Wheel build up - Being a little deeper than the OPs I had to use shorter spokes (about 3 mm shorter). I was hoping to reuse the old spokes but they were too long. I built the front wheel up using cheap straight gauge #14 SS spokes in a 3x pattern (bomb proof and cheap). I built the rear using cheap #14 Straights 3x on the drive side and DT #14/15/14 butted spokes 3x on the non-drive side. The wheels built up easily and nice.

Wheels came in very true (less than 1mm both dirrections) with even tension all around and no hops or other problems. Closer to perfect than my old OP wheels.

After two rides on rough roads the wheels are still perfectly true. I was worried about the seam, but it is not a problem. I could not feel it during braking. I'm not sure if it could turn into a problem down the road.

I am happy with the rims. Very solid bomb proof wheels. If I hit a curb again, no great loss, buy another pair and rebuild the wheels. Fine for putting the miles on and an attractive looking wheel. Red bike, red rims, red tires and red rider.


----------



## Dave Hickey (Jan 27, 2002)

Thanks for the review. I've wondered about those rims for a while. Did you get them from Icycles on Ebay?


----------



## bimini (Jul 2, 2003)

*Yes, Icycles*

I got the spokes from them also, they had the cheapest prices around. I had the rims in two days and the custom cut spokes in 3 days. Hard to tell the difference between the no name spokes and the DT's, they just don't have the butted spokes in no name.


----------



## DaveLobster (Feb 5, 2004)

*You really hit on it...*



bimini said:


> I am happy with the rims. Very solid bomb proof wheels. If I hit a curb again, no great loss, buy another pair and rebuild the wheels.

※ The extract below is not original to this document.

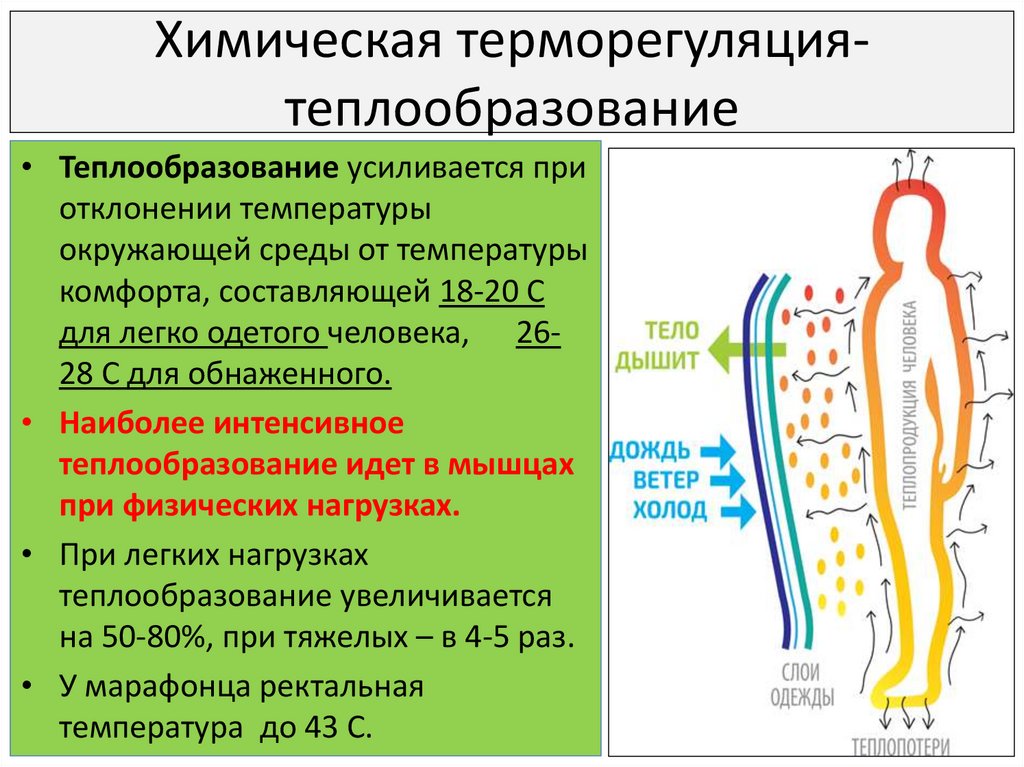 Центр терморегуляции у человека. Физическая терморегуляция. Терморегуляция человека.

Isn't it amazing how empowering building your own wheels can be? 

I was on a ride and one of my buddy's hits a storm sewer grate with his $1000 TdF special edition Ksyriums (one yellow spoke!?), scraping the hell out of the rear rim's sidewall. I think he can probably just sand it out, but jeez, can you imagine if it was destroyed? Who knows how much it would cost to rebuild the wheel with a new rim. 

On the other hand, even my fanciest, lightest homebuilt wheels are only made with $40 rims (Velocity aerohead), so the most I could be out is that plus the cost of new spokes. I just couldn't enjoy $1000 wheels that I couldn't fix myself, no matter how great they ride because I'd be too worried about anything happening to them. 

-Dave


----------